En bref
• Remède d’action générale.
• Fièvre prolongée.
• Fièvre intermittentes.
• Suite de maladie avec perte de liquide du corps.

Origine du remède
Le quinquina, écorce d’un arbre des
Andes. C’est le premier remède qu’Hahnemann eut l’idée d’expéri-
menter sur lui-même pour jeter les bases de la technique homéopathique.

Actions dominantes
Décroissance des forces psychiques et physiques analogue à celle rencontrée dans les fièvres prolongées ou les suites de pertes de liquides du corps (hémorragies, sueurs, diarrhées, vomissements, suppurations, lactation prolongée).
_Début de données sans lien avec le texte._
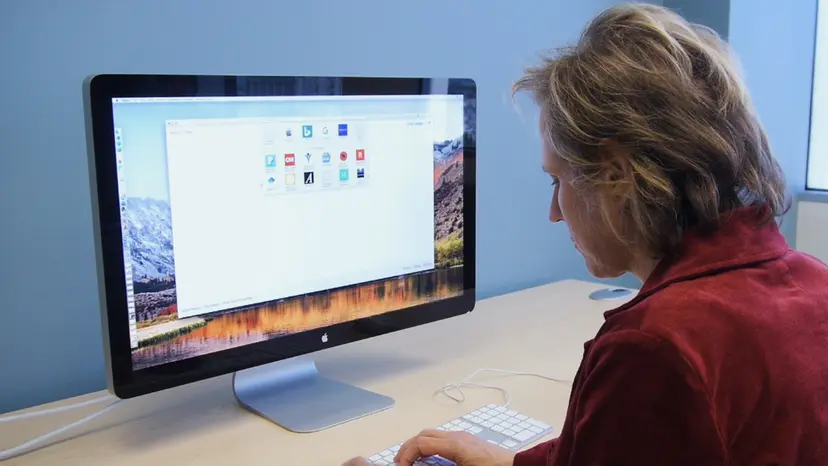JoVE Research Video for Analyzing Tumor Gene Expression Factors with the CorExplorer Web Portal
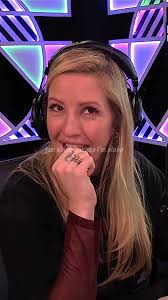 She’s so cute stawp 😩🥹 #lights #elliegoulding #fyp #viral #zyxcba  #foryoupage #trend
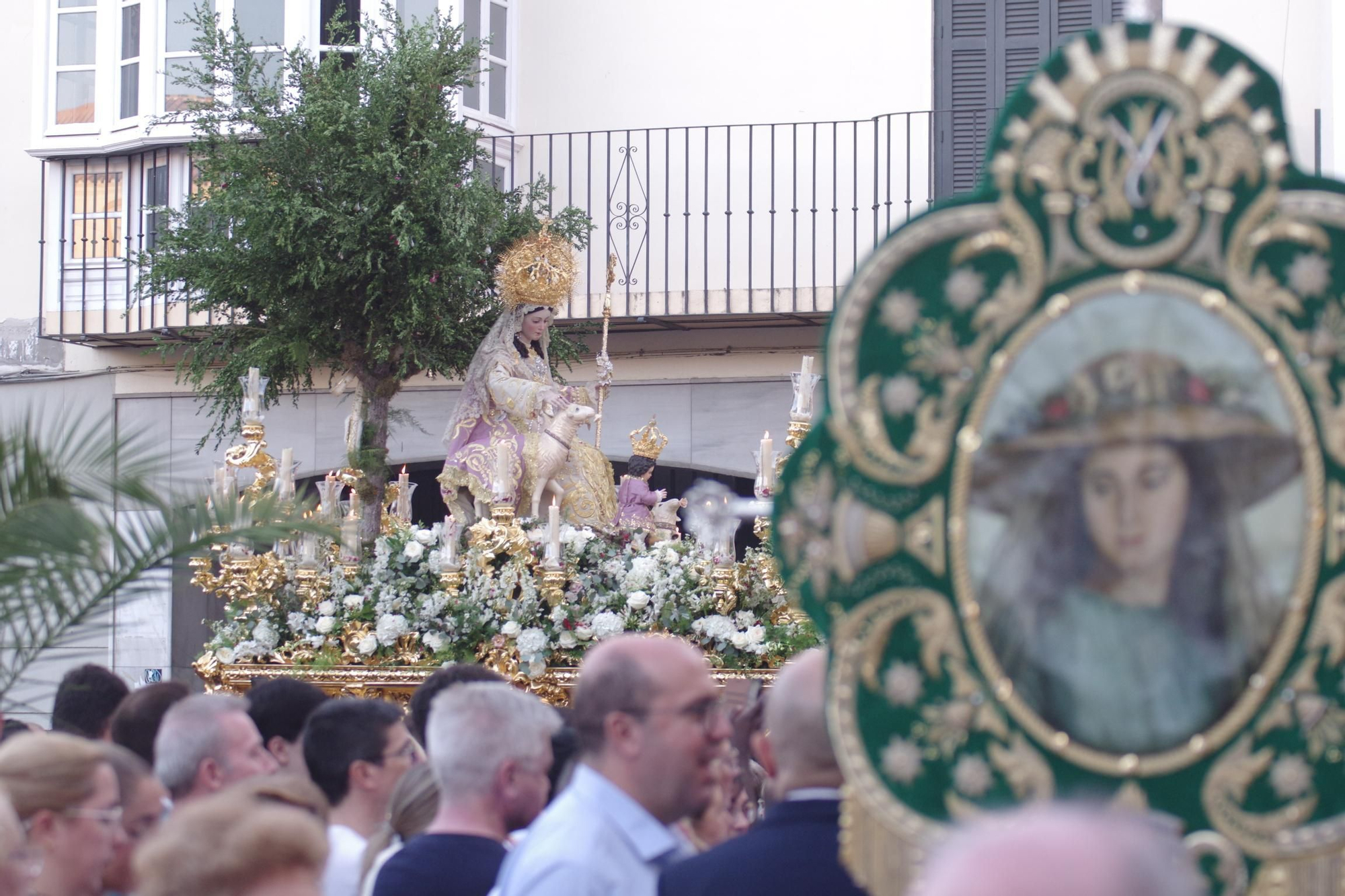 La procesión de la Divina Pastora por su Coronación Canónica, en imágenes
Hypotension avec vertiges, maux de tête, affaiblissement cardiaque.

Signes secondaires
Hypersensibilité au toucher. Maux de tête pulsatiles. Bourdonnements d’oreille. Les troubles surviennent un jour sur deux. Aggravation selon des rythmes périodiques, au moindre
contact, par perte de liquide du corps (hémorragies, sudation diarhées), par les courants d’air. Amélioration par la chaleur, par la pression forte.

Modalités d’utilisation
1. Hémorragies et diarrhées.
2. Convalescences après états fébriles et après hémorragies.

Domaine d’action
• Etat général.
• Système vasculaire.
• Equilibre hydrique.

Synergie possible
Belladona, Millefolium, Kalium phosphoricum.

Type sensible
Tous les sujets débilités et affaiblis. Il est rare que les sujets dynamiques et nerveux aient besoin de China.